By making sure that the site's compliance information is well organized and accessible, you provide site staff with a useful resource to help them stay in compliance, as well as a framework for ongoing training. A development binder can also help to make your next audit go smoothly. That's something that Moreland learned firsthand when she was overseeing a large compliance department.
“Auditors are generally impressed when you take the time to assemble the binder and all of the compliance criteria,” she says. “Their perception is that, if you're that well organized, your files are going to be, as well.”
How to Create a Development Binder
Think of the development binder as the site's user manual for your staff—“it includes everything that has to do with that property in one book,” Moreland says. She offers the following guidelines for putting one together.
Step #1: Gather relevant documents. The first step is to gather all of the pertinent governing documents for your site. Those include:
Application for credit allocation;
Land Use Restriction Agreement (LURA)/regulatory agreement/restrictive covenant;
IRS Form 8609;
Funding agreements (such as HUD Section 8, HOME, RHS, etc.);
Qualified allocation plan; and
Utility allowance documen-tation.
In the beginning, many of these documents will not be available because they're not released to the owner until the owner places all of the buildings in service, Moreland says. In that case, start with the application for credit allocation. “That document will reveal all of the promises the owner has made, even though they haven't been documented in a regulatory agreement yet,” she points out.
One thing to be aware of when requesting a copy of the application from the owner: It is a large document, and typically consists of three or four binders. Request from the owner only the part of the document that deals with all of the compliance elections, she says, which will be contained in a specific section of the application. “That will show the minimum set-aside, the targeted fraction, how many buildings there are, and then all of the promises—the rent, income, and any other services or amenities that the owner will get points for.”
You will be able to collect the other documents as they become available over time. Moreland suggests placing a checklist of the needed documents in the binder, which you can then check off as they are added.
Step #2: Read through documents and create summary sheet. Once you have collected the pertinent documents, read through them carefully.
“Regulatory agreements are written in the best legalese and are sometimes frustrating for an inexperienced person to read,” Moreland says. “So you want to read them only once.”
She recommends going through each document with a highlighter, and transferring the key compliance information in each onto a summary form, or development criteria sheet.
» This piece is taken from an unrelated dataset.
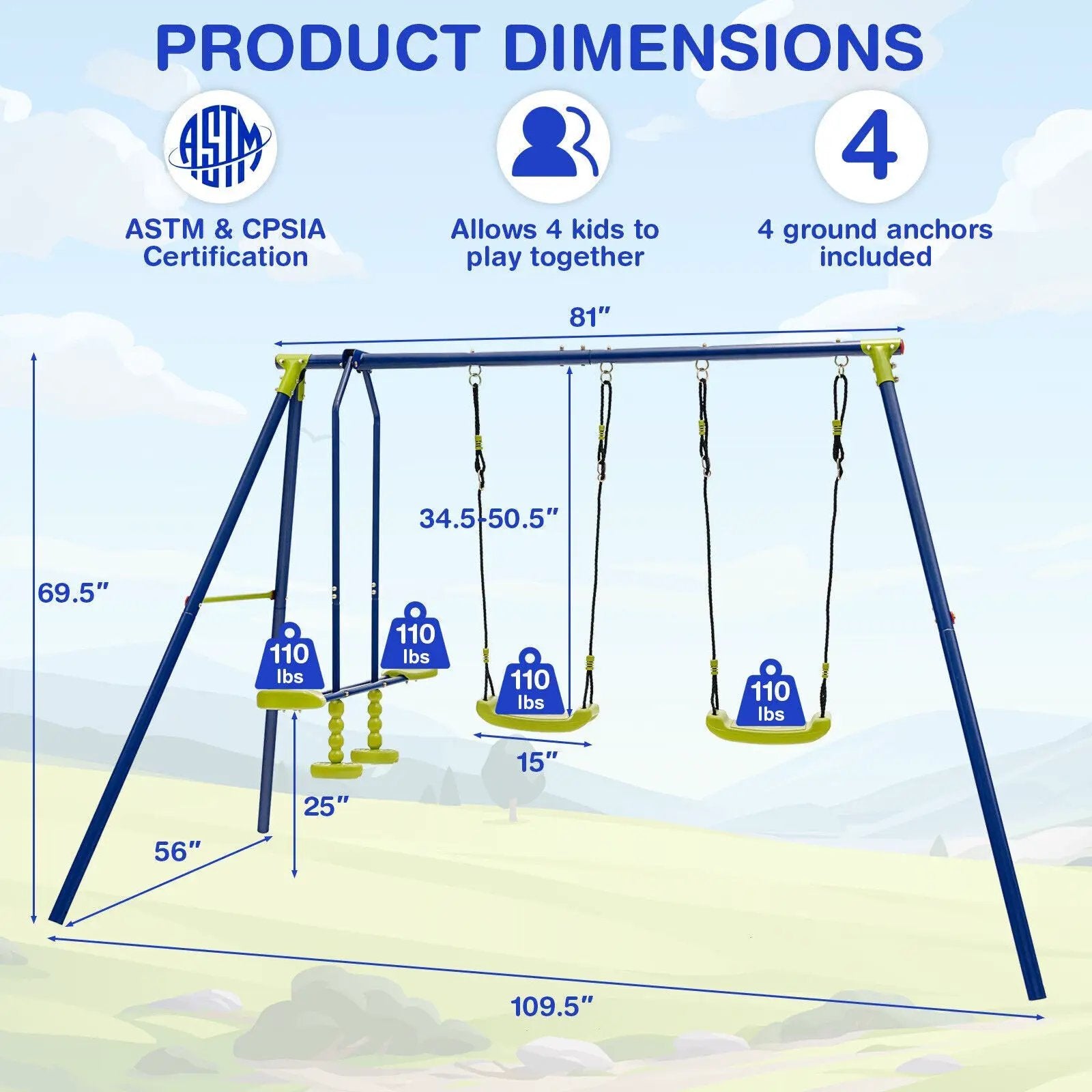 440 Pounds Kids Swing Set with Two Swings and One Glider by DirectDeals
For instance, as you're reading through the application for credit, you'll want to make a note of the minimum set-aside, applicable fraction, and the different rent and income elections.
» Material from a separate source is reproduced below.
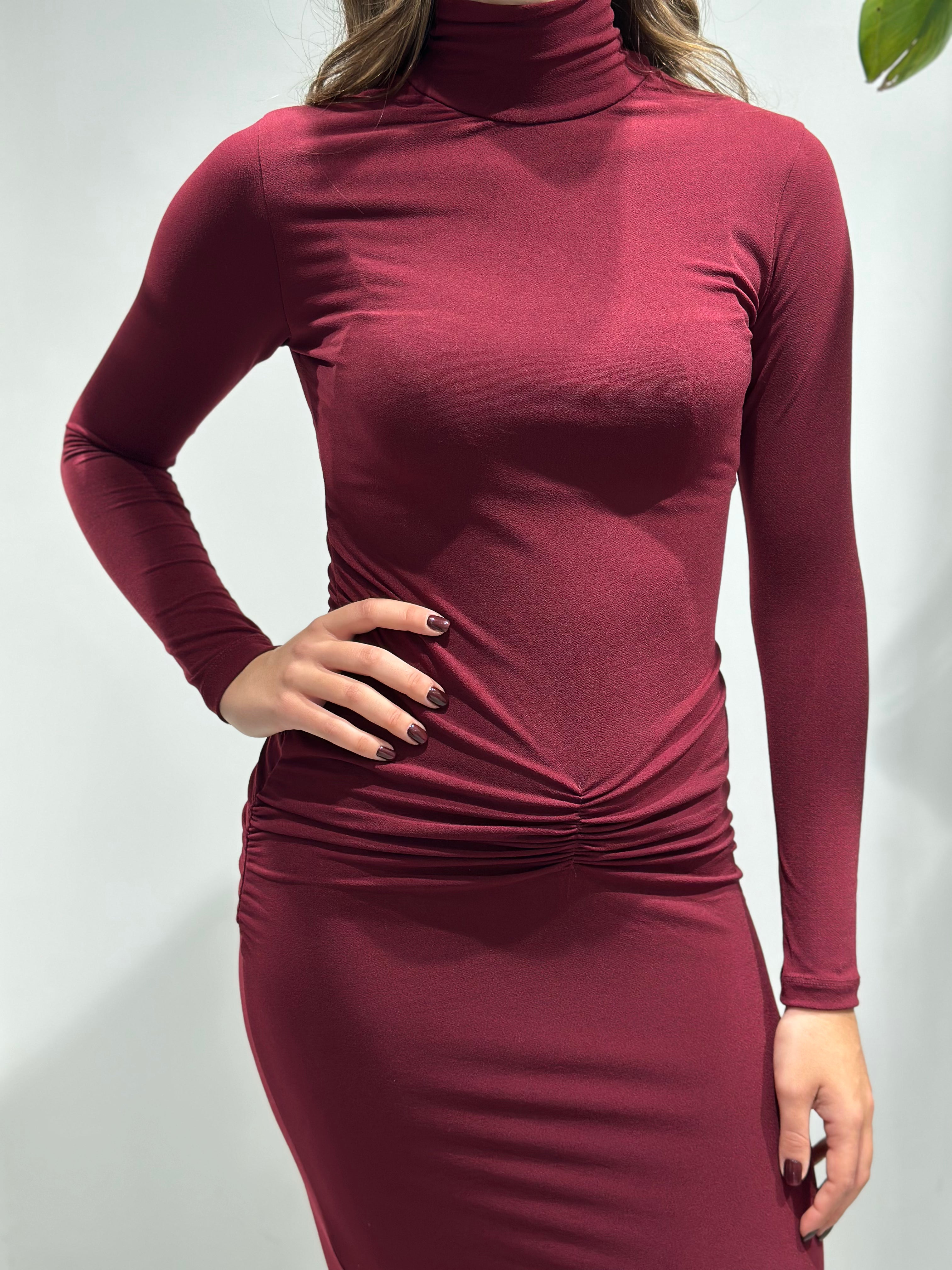 Abito Over-d arricciato bordeaux (12269287080276)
Step #3: Marry the compliance criteria—look for conflicts. As you begin to summarize all of the different documents in the development binder, you will probably find some conflicting information in the compliance criteria. For instance, in the application for credit, the owner might have agreed to rent 50 percent of the units at or below 60 percent of the area median gross income, and the other 50 percent at 50 percent. But then one of the funding documents lists a completely different set of income and rent restrictions. How do you figure out how to stay in compliance?
The final step is to marry all of the compliance criteria to determine the lowest common denominator that will allow you to be in compliance while maximizing your rent revenues, explains Moreland.
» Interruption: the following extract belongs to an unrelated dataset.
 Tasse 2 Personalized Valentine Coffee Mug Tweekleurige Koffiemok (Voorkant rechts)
“This is not a task that you can hand off to your site manager unless that person has years of experience,” she points out. “This is something that the owner or a compliance officer with a good understanding of the tax credit program has to do.”
Once the development binder is complete, and the final compliance criteria has been summarized, make sure that the home office, regional office, and the tax credit site each has a copy.
Use Development Binder to Train Staff
In addition to providing your staff with a blueprint of your site's compliance requirements, the development binder is a great training tool to help staff expand their knowledge of the tax credit program.
Moreland recommends reviewing the development binder as part of their education process. For instance, start by having your staff read the application for credits, and then have a follow-up discussion to ensure that they understand the information that it contains and to answer their questions. Then move on to the next document.
“Teach as much about the program as possible to your site staff. When they understand the full picture, they'll do a better job,” she says. “Most people don't operate well if they don't understand why. If they're going to be good managers, they need to understand the ‘why’ behind the process.”